Firstly, we set the y axis scaling to discrete and provide labels for
the possible discrete values. Second, as this plot will be at the bottom
of the graph stack we let the x axis title and breaks to be drawn -
these will serve the entire plot
g1 <- ggplotGrob(speed_plot)
Warning: Removed 1 row containing missing values (`geom_line()`).
g2 <- ggplotGrob(oil_temp_plot)
Warning: Removed 15 rows containing missing values (`geom_line()`).
g3 <- ggplotGrob(amb_temp_plot)
Warning: Removed 1 row containing missing values (`geom_line()`).
g4 <- ggplotGrob(coasting_plot)
Warning: Removed 1 row containing missing values (`geom_line()`).
Our intention is to stack the plots on top of each other. We can use
a grid to do such layout for us - it could do also multicolumn plots but
here we just use one as a “stack”. In order to use grid, we’ll need to
convert the plots to grid graphical objects aka grobs.
maxWidth = grid::unit.pmax(g1$widths, g2$widths, g3$widths, g4$widths)

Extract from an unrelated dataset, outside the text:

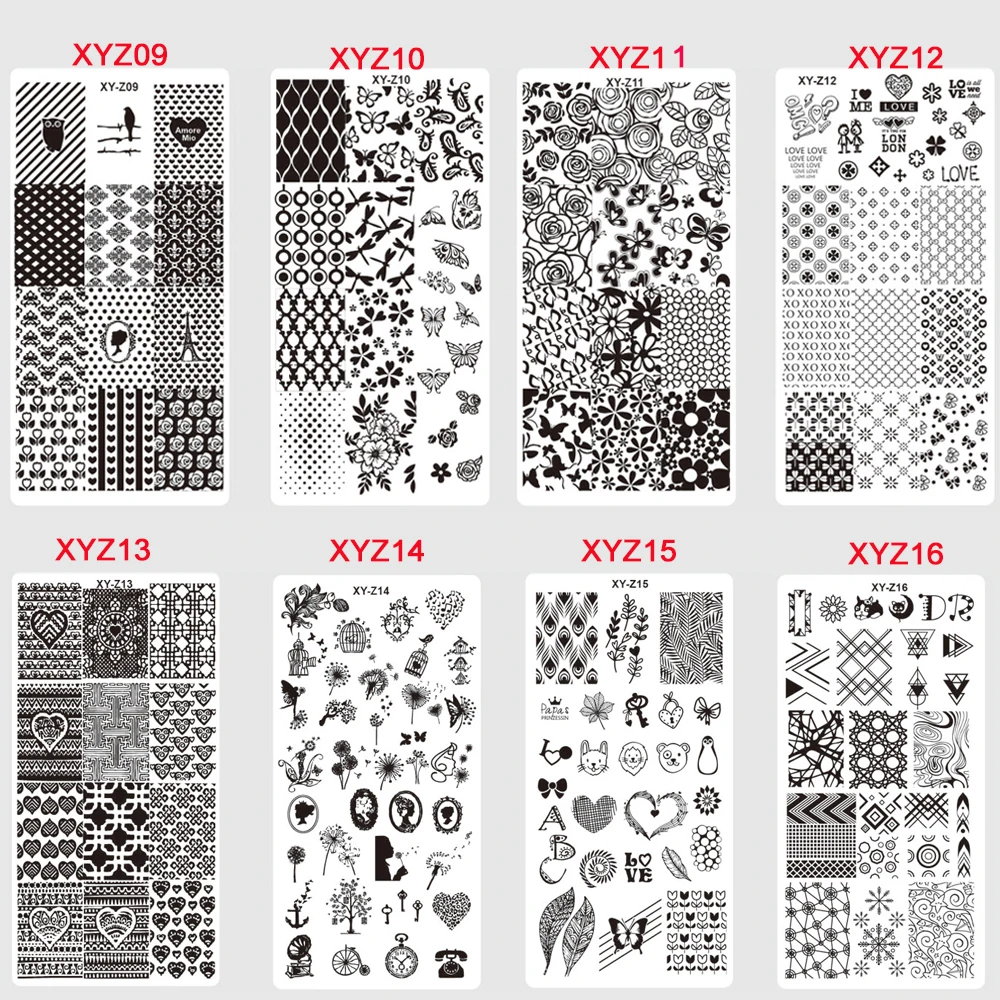 1 шт 32 дизайна ногтей штамповки пластины Мода Кружева/цветок/животное/Ловец снов шаблон шаблоны для лака ногтей штамп XYZ01-32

g1$widths <- as.list(maxWidth)
g2$widths <- as.list(maxWidth)
g3$widths <- as.list(maxWidth)
g4$widths <- as.list(maxWidth)
The grobs might get slightly differing widths. We want to have equal
widths in all grobs so that the breaks on time axis will align nicely
accross all plots. To do this, we can find the width of the widest grob
and force that to all grobs. Credit: https://gist.github.com/tomhopper/faa24797bb44addeba79
grid.arrange(
arrangeGrob(g1,g2,g3,g4,
ncol = 1,
heights = c(1,1,1,.5)
)
)

Now we can finally arrange the grobs to a grid, this will plot it
out. We can control the height of the each grob separately - here we
give 50% height to the coasting signal as it does not need as much
vertical real estate as the continuous signals do.